Post processing for the conversion of output image from a deep neural network.
DNN outputs an intermediate representation image; however, a non-trivial post-processing is required to obtain the final binary pattern. This occurs in several steps: 1) the intermediate representation image is converted into a tri-valued image of 0, 0.5, and 1; 2) each peak region is merged into one; 3) the approximate horizontal and vertical positions of the warp and weft yarns are found; and 4) a determination is made as to which of warp and weft are over at each grid point. Finally, we get a binary pattern with 0 s and 1 s on the grid points, as shown in Fig. 7.

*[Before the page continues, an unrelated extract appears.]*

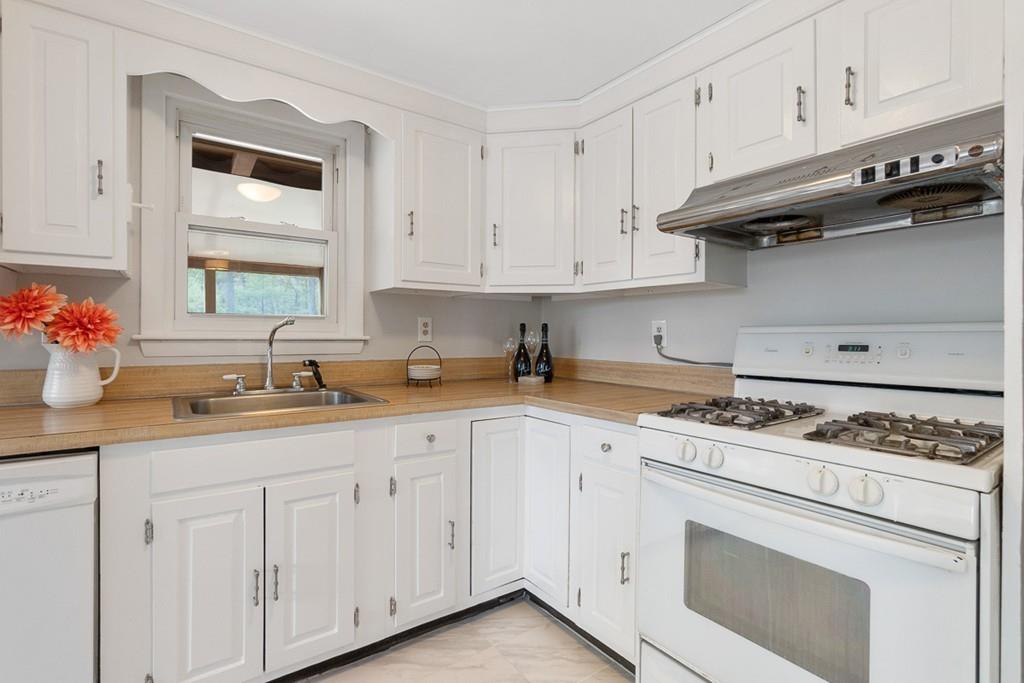 26 Cedar Road Littleton, MA 01460 - Photo 7 of 27 Gallery Image 7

Converting the intermediate representation image into a tri-valued image
The intermediate representation image output from the DNN had continuous values in the range of (0, 1). In order to find the crossing points by segmenting the image, each pixel must have a discrete value. We replaced the value of each pixel with the closest of the three values, in which the crossing point of the warp was 0, the crossing point of the weft was 1, and 0.5 otherwise. This process is equivalent to thresholding by two values of 0.25 and 0.75. An image is converted into a tri-valued image only with white, black, and gray pixels.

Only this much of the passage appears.